The chemical-looping combustion (CLC) and chemical-looping with oxygen uncoupling (CLOU) processes are attractive solutions for efficient combustion with direct separation of carbon dioxide. In this work, the feasibility of CuO supported on Al2O3 and MgAl2O4 for CLC and CLOU processes is investigated. The oxygen carriers were produced by freeze-granulation and calcined at 950 and 1050 degrees C. The chemical-looping characteristics were evaluated in a laboratory-scale fluidized bed at 900 and 925 degrees C under alternating reducing and oxidizing conditions.

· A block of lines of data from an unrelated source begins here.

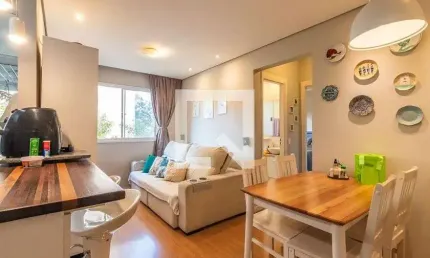 Apartamento com 2 quartos à venda na Avenida Henriqueta Mendes Guerra, --, Centro, Barueri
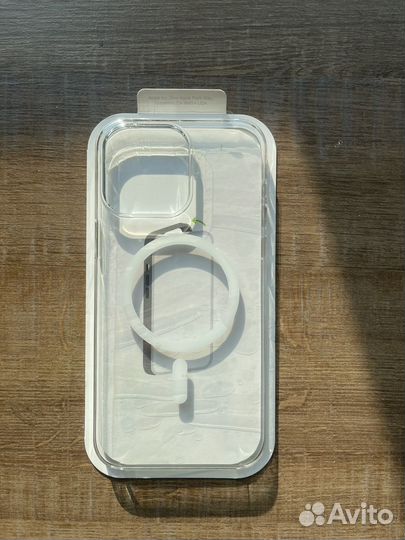 Чехол на iPhone 14 Pro Max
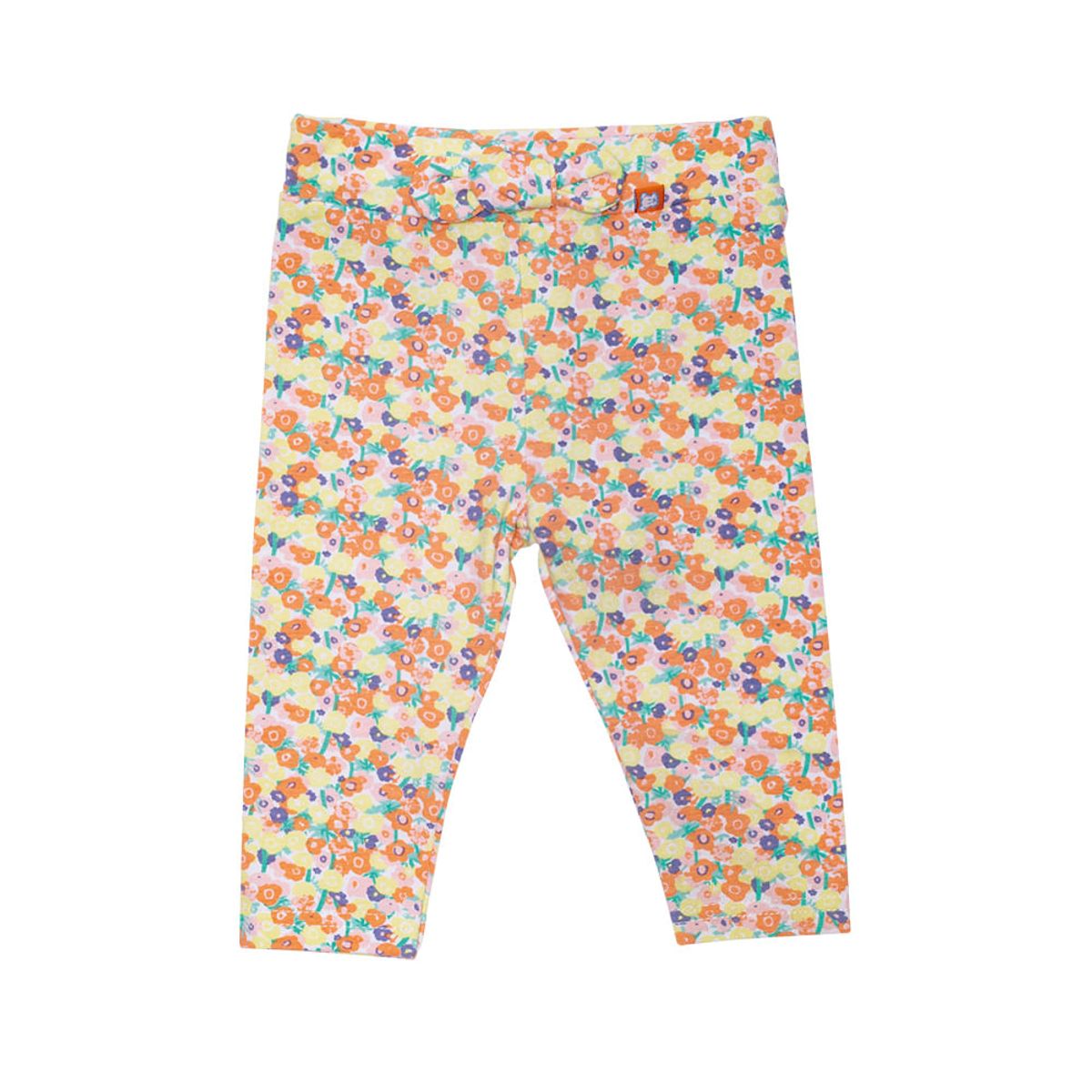 PILLIN - Legging Bebe Niña PVU664NAR6M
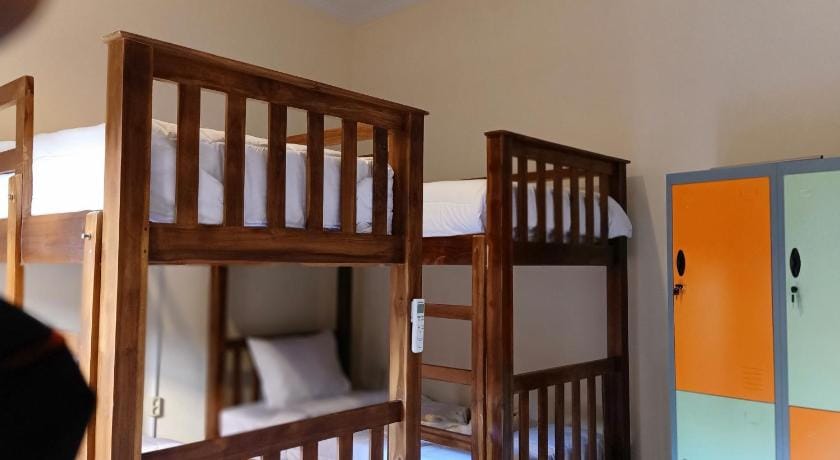 HAPPY PENIDA HOSTEL Hotel in Nusapenida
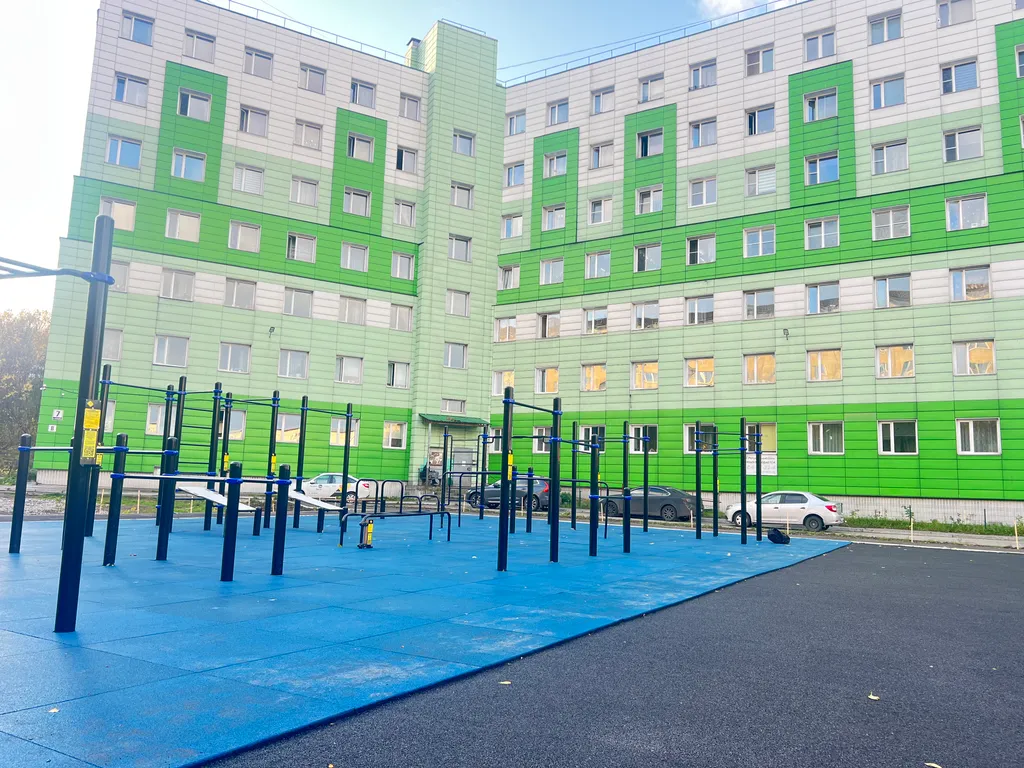 Уютная квартира бизнес класса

Tendencies toward agglomeration, defluidization, and loss of active phase were analyzed by changing the experimental process variables, such as reaction time, temperature, and reducing and inert environments. Complete conversion of methane was obtained for all oxygen carriers investigated in this work Three out of four oxygen carriers also featured the rapid release of oxygen in an inert environment (CLOU). In the case of Al2O3) as support, a CLC and a CLOU oxygen carrier were obtained depending on the calcination temperature. In addition, analyses of the CuO-Al2O3 phase equilibria system under oxidizing and reducing conditions have been carried out. At the investigated temperatures, it is inferred for the case of Al2O3 as support that part of the active phase (either CuO or CuAl2O4 is bound as CuAlO2 during incomplete reduction with slow kinetics for reoxidation. However, when complete reduction is attained, the original active phase composition is rejuvenated upon oxidation. As a result, the use of CuAl2O4 is suggested for CLC processes from the point of agglomeration and attrition-free functioning of the oxygen carrier. In the case of MgAl2O4 as support, the oxygen carrier exhibited a stable oxygen-releasing behavior due to the existence of relatively intact CuO. Together with the absence of agglomeration and major morphological changes, the use of MgAl2O4-supported CuO is suggested as a suitable oxygen carrier for CLOU processes.